Alumni, students, college dropouts — all value college degree

By Treanna Brown
Flapjack staff

Did you know that for every $600 a high school graduate makes, a college graduate makes about $1,300? Those are numbers cited in a recent story at CNN.

There has always been a debate when it comes to rather or not a person should have a college degree and if that degree grants them success in life. For this story, three individuals were interviewed — a post grad, a sophomore in college and someone who has never been to college before. All interviewees were asked the same prompt: How do you feel about a college degree versus no degree. Do you think a person can successfully live life without a degree ? Does a person have an advantage over others because they have a degree?

 Humboldt State University alumna Fabiola Mendoza discussed her experience.

“You can go to college and get a degree and it will give you a leg up in society opposed to someone who doesn’t have one at all,” Mendoza said. “But having a degree doesn’t mean that you’ll be stable, I’ve been in that position before. I was a good student, A-B average, various campus jobs, I was a student activist but I did experience a period of unemployment.”

Mendoza now works in the EOP/SSS department at Humboldt State, with her various connections she was able to join this team shortly after she graduated. But it’s not always that simple.

“You have to find a job market that best fits you because you will find yourself being told you’re overqualified especially in Humboldt County,” she said. “And then you get rejected for the job because they don’t want to have to pay you more than they are offering.”

Mendoza said that networking is an important part of the college experience.
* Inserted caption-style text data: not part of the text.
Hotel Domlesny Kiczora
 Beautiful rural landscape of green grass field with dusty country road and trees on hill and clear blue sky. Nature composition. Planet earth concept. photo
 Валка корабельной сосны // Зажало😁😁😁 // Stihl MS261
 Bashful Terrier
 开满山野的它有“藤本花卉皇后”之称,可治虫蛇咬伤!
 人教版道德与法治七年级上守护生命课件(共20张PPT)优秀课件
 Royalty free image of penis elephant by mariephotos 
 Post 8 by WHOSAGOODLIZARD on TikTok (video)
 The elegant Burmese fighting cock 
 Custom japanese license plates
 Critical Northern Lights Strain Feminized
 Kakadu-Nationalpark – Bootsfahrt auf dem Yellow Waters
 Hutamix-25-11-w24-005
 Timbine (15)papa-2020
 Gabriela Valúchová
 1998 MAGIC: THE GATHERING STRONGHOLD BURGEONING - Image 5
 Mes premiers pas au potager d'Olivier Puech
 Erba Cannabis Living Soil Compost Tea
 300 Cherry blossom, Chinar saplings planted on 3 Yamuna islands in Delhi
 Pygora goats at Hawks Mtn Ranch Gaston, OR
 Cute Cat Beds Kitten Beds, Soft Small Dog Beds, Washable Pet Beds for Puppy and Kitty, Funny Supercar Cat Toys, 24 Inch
  “When you graduate you will start at the bottom of the barrel unless you know people,” she said. “You have to work harder to get where you want to  be especially if you’re a minority because a degree doesn’t guarantee you a job. When you graduate college people have this expectation (up until they graduate) that you will automatically be able to find a job once you graduate, but that’s not the case. Everything is about who you know.”

Though even people with no degrees are able to succeed in life, Mendoza said, it’s better for you to have a degree.

Humboldt State University student Amber Johnson said students today experience different kids of success.

“So many teens are now using social media, reality television and music as an outlet for success,” Johnson said. “The circumstances of life are all different compared to past generations, we may have more affordable access to higher education but we are not taking advantage of this.”

Johnson said she feels like this new generation doesn’t take higher paying jobs that a degree can get you seriously.

“I do believe though that with a college degree you’re expanding your knowledge and with that expansion, it makes you want to go after the good jobs,” she said. “With no degree you’re limited to what you can do, and this where the different outlets for success that I talked about come into play.”

Johnson mentioned that wanting a degree first comes from a person’s determination/ seriousness.

Xiomara Motavo, who completed one semester at community college before taking a break from school, agreed.

“I wish I would’ve stayed in school, because now I’m stuck working at Starbuck’s until I find the energy to go through 4 years of school and get my degree,” Motavo said. “ If you have a college degree you’re more a priority than anything else. You’re more inclined to get a job especially if your degree pertains to the job.”

Having a degree, Motavo said, makes it seem like you’re more serious about the job.

“Not just anyone will go to college and get a degree only someone who is determined takes that time and effort,” Motavo said. “When employers look at your resume they can tell that you want the job more than someone who is less qualified than you because they look at that resume as a handbook for you, as an insight on what they are taking on compared to someone who has nothing but irrelevant jobs on their resume.”